Ein breites Feld der Deutung tut sich auf. Denn: Wann lügt jemand? Und wann ist er aufrichtig? Wie lässt sich das beurteilen? Philosophisch gesehen war die Angelegenheit bis in die Neuzeit recht eindeutig: Sobald sich jemand der Sprache bedient, ist es mit der Aufrichtigkeit vorbei?

Die Vernunft wurzelte in einem Satz angeborener Ideen, die dem Menschen vor jeder Kommunikation mit auf die Welt gegeben waren. Mit der Sprache kam der Körper ins Spiel, Stimme, Ausdruck, Mundart. All das gehörte zu den res extensa, den ausgedehnten Dingen, trat zur Welt der geistigen Dinge, den res cogitans, nur äußerlich hinzu, als Tribut an die Unvollkommenheit des Menschen, sein zufälliges Wesen. Was bewies diese Zufälligkeit schlagender als die Tatsache, dass dieselben Ideen in den verschiedenen natürlichen Sprachen auf höchst verschiedene Weise tönten? Innere Notwendigkeit beanspruchte allein der Denkprozess. In der Kommunikation geriet der Gedanke unweigerlich in die Fänge der Willkür.

Worte täuschen

Das Grundproblem der Sprache war und ist noch immer die - sagen wir: eingeschränkte Fähigkeit, Gedanken abzubilden. Bis ins frühe 20. Jahrhundert war dies ein weit verbreitetes Lamento: Misstraue den Worten, sie täuschen, mehr noch, sie sind imstande, Wirklichkeiten herzustellen, die niemand sehen und begreifen kann.

Wolfgang Engler verfolgt in seinem Buch diesen aussichtslosen Kampf um die Überbrückung der Kluft zwischen Denken beziehungsweise Fühlen und Sprechen. Einen Kampf, der im 18. Jahrhundert aus der Theorie in die Lebenspraxis übergeführt wurde, da im Zuge der Aufklärung die Pädagogik die Aufrichtigkeit zu idealisieren begann, als ob es möglich wäre, einen Menschen von klein auf eindeutig kommunizieren zu lassen.

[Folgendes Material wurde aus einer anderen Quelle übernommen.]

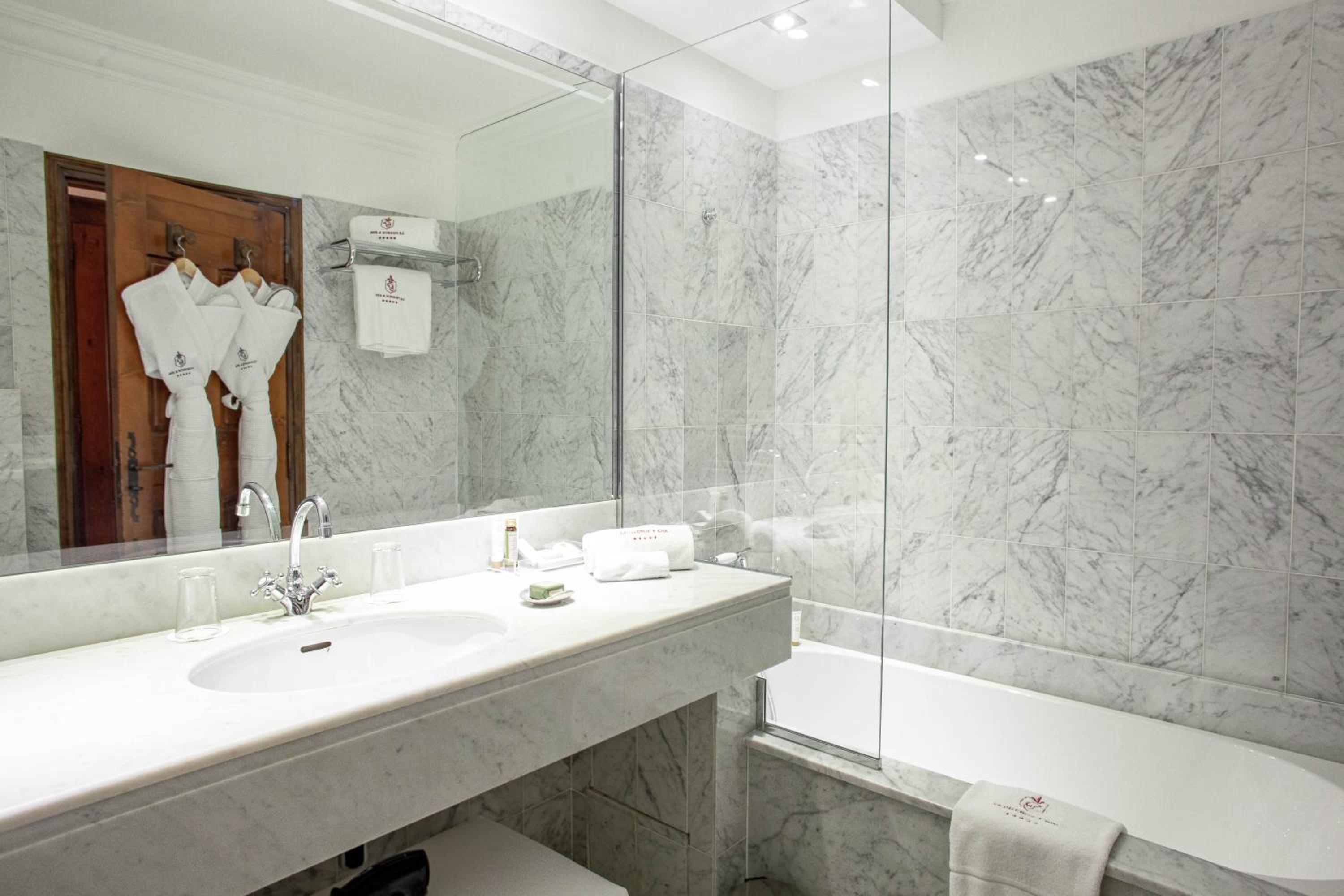 Garrigue Room photo 3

Die doppelbödige Kommunikation des Absolutismus

Klar, die höfische Rhetorik des Absolutismus hatte die Verstellung, die Intrige, die doppelbödige Kommunikation, die Sprachmaske zum Ideal erhoben. Sprechen hieß immer Fallen stellen. Die Sprache ist dem Menschen gegeben, um seine Gedanken zu verbergen, lautet ein typischer Aphorismus Charles Maurice de Talleyrands - und gerade den Sündenfall der Aristokratie wollte die Pädagogik der Aufklärung ungeschehen machen. In Johann Michael Sailers zeitgenössischem Ratgeber "Über Erziehung für Erzieher" heißt es:

Weil die Aufrichtigkeit mit zur schönen Kindheit gehöret, weil die Falschheit den Charakter der Menschen durch und durch verdirbt, weil die Lüge an sich die hässlichste Form des Bösen ist: so soll der Kodex der Kinderbildung eigentlich nur die zwei Gesetze enthalten: Das erste: Sei gehorsam! Das zweite, dem ersten gleich: Sei offen, aufrichtig, lüge nicht!

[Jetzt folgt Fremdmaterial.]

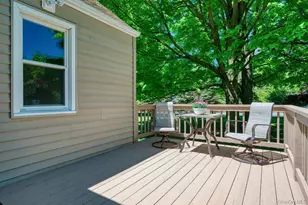 6 Winterberry Rd, Beacon, NY 12508 - Photo 4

Man merkt schon: Wie man die Sache auch anpackt - sie muss schiefgehen.

Inflation der Begriffe

Aufrichtigkeit ist ein Ideal, vielleicht auch eine Chimäre. Das belegen dann die ökonomischen Diskurse des 19. Jahrhunderts, in denen von der menschlichen Natur und ihren wahren Bedürfnissen die Rede ist, ohne dass über diese Natur und über das Wahre ein Einvernehmen erzielt werden konnte.

Die Oberhand behielten die Marktliberalen mit ihrer Auffassung, dass man die Menschen frei gewähren und durchaus auch egoistisch handeln lassen solle, denn die dadurch freigesetzten Energien würden am Ende Wohlstand für alle schaffen. Lüge und Wahrheit sind keine objektiven Gegebenheiten mehr, sondern ebenso Waren, mit denen es sich handeln lässt. Und wenn wir gegenwärtig eine Inflation der Begriffe "echt", "natürlich" oder "authentisch" erleben, dann handelt es sich eben auch um produzierte und vermarktete Gefühle, denen so viel Wirklichkeit innewohnt, wie der Konsument bereit ist, darin zu sehen.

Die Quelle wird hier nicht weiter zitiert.